Gemächliches Ausrasten mit Clawfinger im Schlachthof Wiesbaden
Sie sind endlich wieder auf Tour in Deutschland. Clawfinger besitzen seit den 90ern in der Crossover-Rockszene längst Kult-Status. Ihre Hits sind sozialkritisch und Ausdruck einer ganzen Generation. Am 10.10.2019 hat das Quintett im Schlachthof Wiesbaden gastiert, um genau da weiter zu machen, wo die Schweden zuletzt aufgehört hatten.
Punkt 20 Uhr beginnen Freezes Deyna und überraschen schnell mit energischem Crossover. Der Mix aus Rap und Hardcore zeigt gleich, wo es heute Abend hingehen soll. Turntable-Scrates und Samples prägen maßgeblich den Sound der jungen Schweizer. Der schlaksige Sänger rapt, shoutet zu den Stakkato-Riffs. Dennoch beweisen die Jungs, dass sie auch ruhiger können. Mal jazzige, mal bluesige Instrumentaleinlagen sowie klarer Gesang mischen sich munter unter die harten Beats sowie die growlende Stimme. Jedoch bleiben die Fünf den vorhersehbaren Gesetzen des Rapcore treu und liefern dem Publikum jenseits der Dreißig fette Refrains, welche nach kurzer Eingewöhnungsphase dankbar angenommen werden. So erfrischt das Quintett mit abwechslungsreicher Bandbreite. Dementsprechend dauert es auch nicht lange, bis Bewegung in die Menge kommt, zuerst noch zurückhaltendes Kopfnicken, das stellenweise bald bei den eingängigen Refrains in Hüpfen mündet. Freezes Deyna erweisen sich als rundum gelungener Support, der Spaß auf mehr macht.
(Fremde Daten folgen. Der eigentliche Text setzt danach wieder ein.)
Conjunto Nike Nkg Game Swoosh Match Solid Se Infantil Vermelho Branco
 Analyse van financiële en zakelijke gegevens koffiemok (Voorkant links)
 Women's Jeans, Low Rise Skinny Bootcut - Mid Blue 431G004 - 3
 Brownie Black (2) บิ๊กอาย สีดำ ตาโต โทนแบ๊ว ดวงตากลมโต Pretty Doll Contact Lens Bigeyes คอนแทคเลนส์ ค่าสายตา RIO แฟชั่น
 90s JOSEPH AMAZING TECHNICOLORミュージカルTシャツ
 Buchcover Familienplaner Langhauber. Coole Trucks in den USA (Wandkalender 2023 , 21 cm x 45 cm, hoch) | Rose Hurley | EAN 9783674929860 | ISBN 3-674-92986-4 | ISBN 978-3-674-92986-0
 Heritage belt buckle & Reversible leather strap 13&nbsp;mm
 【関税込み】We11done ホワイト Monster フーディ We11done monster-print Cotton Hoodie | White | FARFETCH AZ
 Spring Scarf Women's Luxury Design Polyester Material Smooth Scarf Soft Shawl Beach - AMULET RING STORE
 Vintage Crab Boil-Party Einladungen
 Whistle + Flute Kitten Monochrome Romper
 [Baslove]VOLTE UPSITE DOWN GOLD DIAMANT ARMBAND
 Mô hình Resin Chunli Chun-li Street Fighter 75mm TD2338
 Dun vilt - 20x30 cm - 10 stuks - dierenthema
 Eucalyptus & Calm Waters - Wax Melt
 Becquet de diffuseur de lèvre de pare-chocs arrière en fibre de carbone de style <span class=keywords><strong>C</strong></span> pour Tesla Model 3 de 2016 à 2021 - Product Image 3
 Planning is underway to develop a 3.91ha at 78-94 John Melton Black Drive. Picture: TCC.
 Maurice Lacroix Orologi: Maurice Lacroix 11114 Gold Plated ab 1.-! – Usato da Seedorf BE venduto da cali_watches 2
Und mehr Spaß folgt. Mit einer eigenen Version des James Bond Titelsongs „Goldfinger“ – in dem Fall „Clawfinger“ – betreten die Schweden von Clawfinger die Bühne, um daraufhin ein Feuerwerk der guten Laune abzubrennen, das angelehnt ist an die erfolgreichen Jahre der Band. Dass diese Ära schon ein paar Tage auf dem Buckel hat, hat die Band auch festgestellt. „Wer ist hier, der damals „Deaf Dumb Blind“ gekauft hat, fragt Sänger Zak Tell. Die vielen aufzeigenden Hände, die von frenetischem Jubel begleitet werden, zeigen, dass viele des mittleren Alters anwesend sind. Der Frontmann bedankt sich fürs Kommen, um ein paar „middle aged men make a fool of themselves“ und zeigt stolz seinen kleinen Bierbauch.
Clawfinger präsentieren sich als eine in Würde gealterte Band, die mit viel Selbstironie einen erstaunlichen Sound liefern. Auch wenn die Jugend der Anwesenden schon eine Zeit lang her ist, weiß man sowohl auf der Bühne als auch in der Halle immer noch wie man so richtig abrockt. Mit einer sichtlich großen Portion Spaß spielt die Band ein Potpourri ihrer Hits. Zwischendurch gesellt sich schließlich noch der „eine neue Song“, den dann doch einige kennen. Die Skandinavier verstehen es ihre Fans weiter mitzureißen, um sie in guter alter Manier in Bewegung zu versetzen. Schnell wirbelt ein Moshpit im vorderen Zentrum des Schlachthofs, an den sich wohl am nächsten Tag so mancher noch erinnern vermag, ebenso wie an die Zeiten, in denen man einen solchen Kraftakt mit mehr Kondition gemeistert hat. Gehüpft wird auch kräftig auf der Bühne. Sänger und Bassist dotzen dort stellenweise wie ein Flummi herum. Währenddessen zünden die Hits wie „The Biggest & the Best“ noch immer und immer wieder neu. „Warfair“, „Nothing Going On“ oder „Catch Me“ versetzen viele in Ekstase und gelegentlich zurück in die 90er. Dann kommt laut Sänger „the last chance to go fucking crazy“. „The Truth“ und „Do What I Say“ lassen zum guten Ende die Mengen ausflippen. Clawfinger machen heute Abend im Schlachthof Wiesbaden richtig Spaß.
Nicht ohne Stolz blickt Sänger über die kopfnickende Menge. Das Alter scheint die charmante Band zwar zu beschäftigen, aber man hat seinen Frieden mit der Tatsache geschlossen, dass man mit dem Publikum alterte und gemeinsam in die Vergangenheit eintauchen möchte. So hinterlassen Clawfinger heute viele zufriedene sowie ausgepowerte Fans. Im Anschluss nimmt sich die Band sogar noch Zeit, um am Merchstand Autogramme zu schreiben oder Selfies zu machen.